• [Task brief] Could you repeat every record below exactly, leaving out the pictures?

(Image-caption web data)
--------------------------------------------------
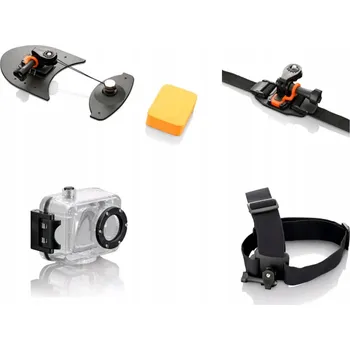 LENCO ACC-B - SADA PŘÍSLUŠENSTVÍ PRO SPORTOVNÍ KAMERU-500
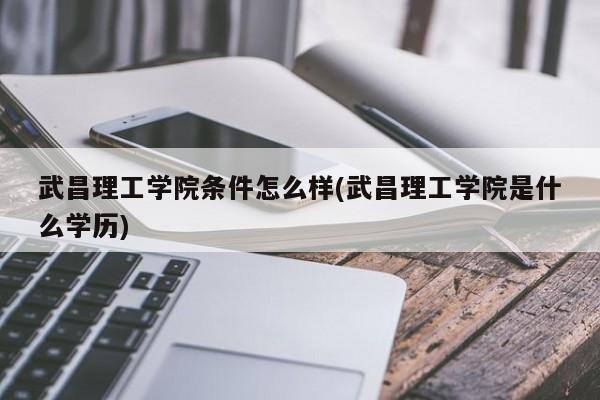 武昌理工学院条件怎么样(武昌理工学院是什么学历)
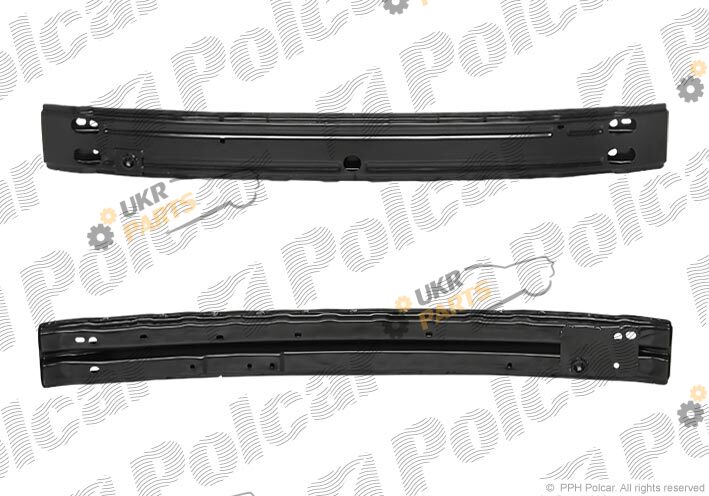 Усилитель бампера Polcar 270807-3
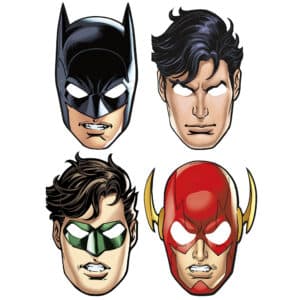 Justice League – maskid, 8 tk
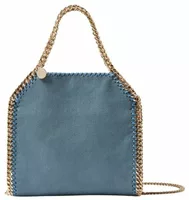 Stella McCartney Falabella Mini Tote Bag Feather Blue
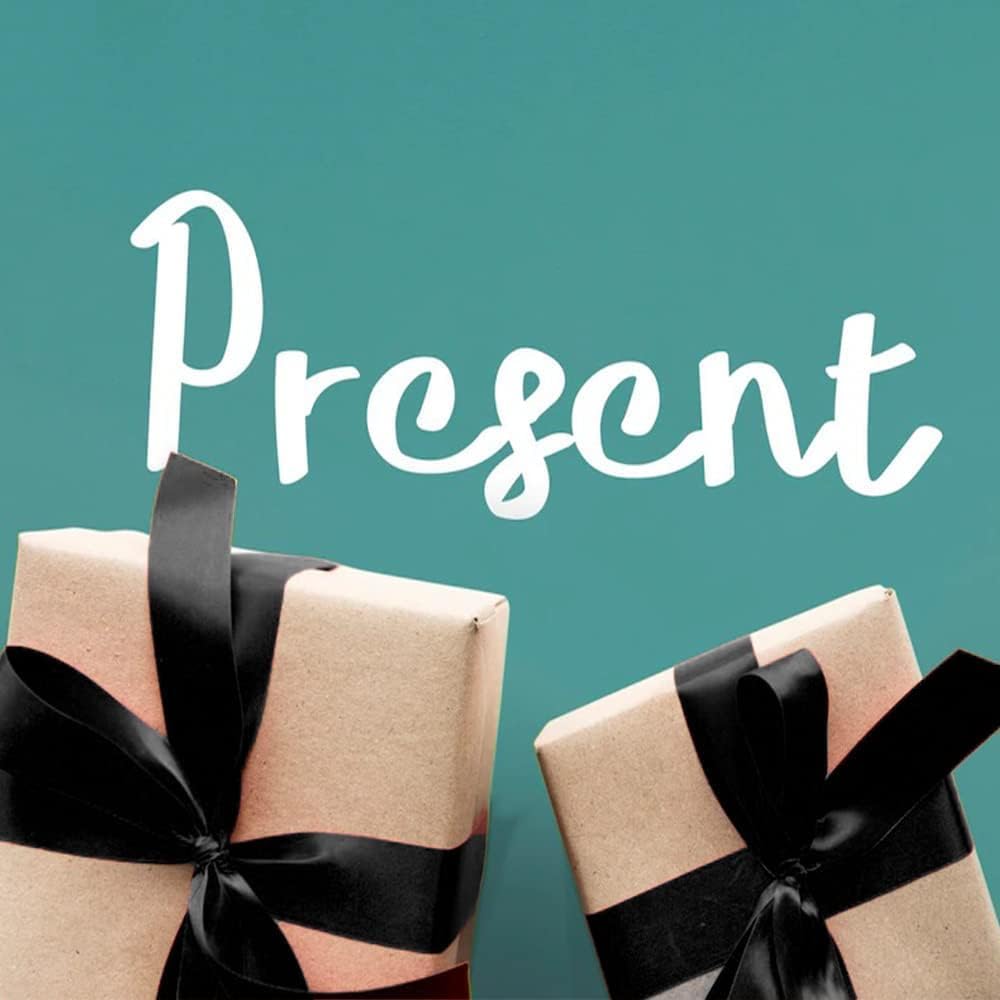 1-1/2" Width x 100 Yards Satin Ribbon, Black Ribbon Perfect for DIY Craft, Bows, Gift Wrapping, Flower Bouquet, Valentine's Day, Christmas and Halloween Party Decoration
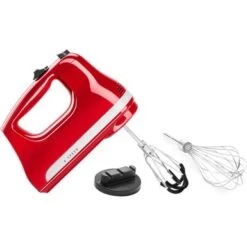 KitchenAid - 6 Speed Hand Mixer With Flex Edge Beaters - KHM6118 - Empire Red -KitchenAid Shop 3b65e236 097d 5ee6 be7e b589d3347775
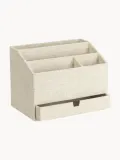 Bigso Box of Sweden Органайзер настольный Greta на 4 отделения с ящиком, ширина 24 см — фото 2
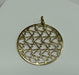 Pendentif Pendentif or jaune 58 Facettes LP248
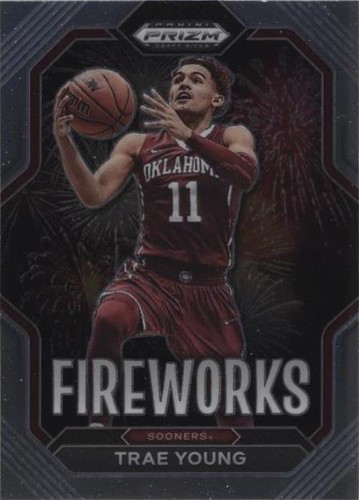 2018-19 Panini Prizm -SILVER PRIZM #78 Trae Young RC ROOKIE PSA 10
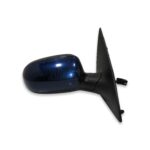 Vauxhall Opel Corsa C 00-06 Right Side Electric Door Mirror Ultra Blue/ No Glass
--------------------------------------------------
• [Problem solution]
 LENCO ACC-B - SADA PŘÍSLUŠENSTVÍ PRO SPORTOVNÍ KAMERU-500
 武昌理工学院条件怎么样(武昌理工学院是什么学历)
 Усилитель бампера Polcar 270807-3
 Justice League – maskid, 8 tk
 Stella McCartney Falabella Mini Tote Bag Feather Blue
 1-1/2" Width x 100 Yards Satin Ribbon, Black Ribbon Perfect for DIY Craft, Bows, Gift Wrapping, Flower Bouquet, Valentine's Day, Christmas and Halloween Party Decoration
 KitchenAid - 6 Speed Hand Mixer With Flex Edge Beaters - KHM6118 - Empire Red -KitchenAid Shop 3b65e236 097d 5ee6 be7e b589d3347775
 Bigso Box of Sweden Органайзер настольный Greta на 4 отделения с ящиком, ширина 24 см — фото 2
 Pendentif Pendentif or jaune 58 Facettes LP248
 2018-19 Panini Prizm -SILVER PRIZM #78 Trae Young RC ROOKIE PSA 10
 Vauxhall Opel Corsa C 00-06 Right Side Electric Door Mirror Ultra Blue/ No Glass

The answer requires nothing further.